In Massachusetts, a written employment contract is generally enforceable according to the terms of the contract. This means that if a contract has specific terms outlining compensation, benefits, or how and why an employee can be terminated, the employer is legally obligated to adhere to the terms of the contract. If the employer does not adhere to these terms and provisions, the employee may be able to seek damages as a result of the breach of the employment contract. This also means however, that an employer may be able to sue the employee for damages as well if the employee is the one who breaches the agreement.
Oral contracts and implied contracts are two other examples of ways that an employee may not be considered an employee “at-will.” Massachusetts case law has held that oral employment contracts which may arise “from various representations and negotiations between the parties” may be enforceable. See, Frederick v. ConAgra, Inc. ,713 F. Supp. 41, 44 (D. Mass. 1989). Employment contracts or terms and conditions of employment may also be inferred from the actions and conduct of the parties. If the employer has certain policies regarding employment or has employee handbooks or personnel manuals, the information contained therein may be sufficient to alter what would normally be classified as an employment “at-will” and create contractual obligations for both the employer and employee.
Like most states, Massachusetts follows the “at-will” employment doctrine. This doctrine holds that employees without a contract can have their employment terminated by either party at any time and for almost any reason. Those reasons, however, must be in accordance with Federal and Massachusetts law. For example, an employer cannot terminate an employee based on race, gender, disability, sexual orientation, and other characteristics which would be deemed as unlawful discrimination. For a complete list of categories of unlawful discrimination in Massachusetts, please see the Massachusetts Fair Employment Practices Act, M.G.L. c. 151B.

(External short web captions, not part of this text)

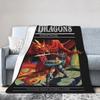 Dungeons Dragons DnD Blankets Fleece Winter Breathable Warm Throw Blanket for Home Office Rug Piece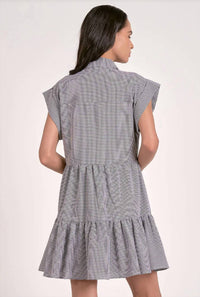 Elan - Cap Sleeve Button Down Dress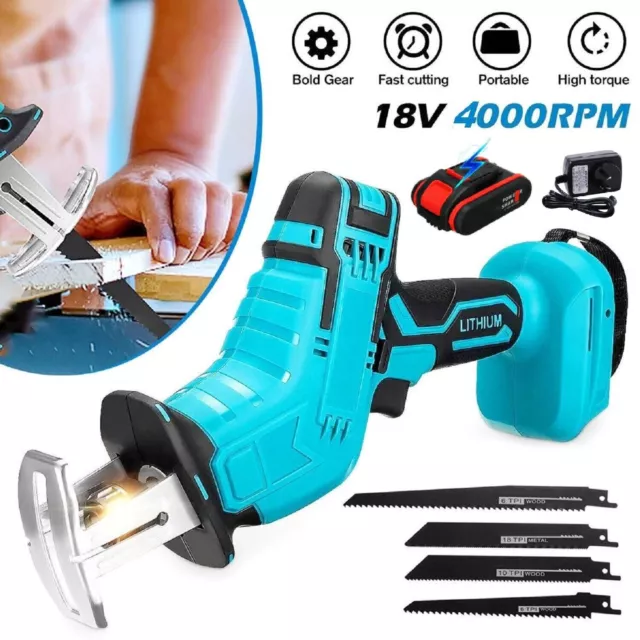 Cordless Electric Saw Reciprocating Saw Blades 4x Wood Cutter Cutting Tool 18V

This is understandably a harsh reality for those employees who find themselves to be employees at-will, and as such Massachusetts has a number of exceptions to the employment at- will doctrine. The largest and most expansive of these exceptions is known as the “public policy” exception. The public policy exception holds that an employer may not terminate an employee for asserting a legal right (such as filing for workers’ compensation) or for doing what the law requires (such as reporting or complaining about illegal activity). This exception to the at-will employment doctrine stems from the idea that an employer should not be able to terminate an employee for engaging in actions or conduct that the law requires or that public policy encourages.
Other examples include a breach of the covenant of good faith and fair dealing and constructive discharge. A breach of the covenant of good faith and fair dealing can occur when an employer terminates an at-will or subjects that employee to other adverse employment actions without cause or in bad faith and as a consequence of the termination retains compensation due the employee for the work performed. Constructive discharge may be actionable where an employer unlawfully harasses or alters the employees working conditions to such an extent that a reasonable employee could no longer endure working there and would be left with no reasonable option but to quit. In both these instances the employer may have committed an unjust or wrongful termination. The application of facts to these laws must be determined on a case by case basis.
Again, it is important for an employee to understand what type of employment arrangement they have with their employer so that they are aware of their rights, duties, and legal remedies are. If you are a contract employee the terms of the contract are usually binding and dictate the terms of your agreement. In at-will settings, only those exceptions carved out by statute or case law, can alter the terms of your employment arrangement, otherwise you or your employer may terminate the employment relationship at any time.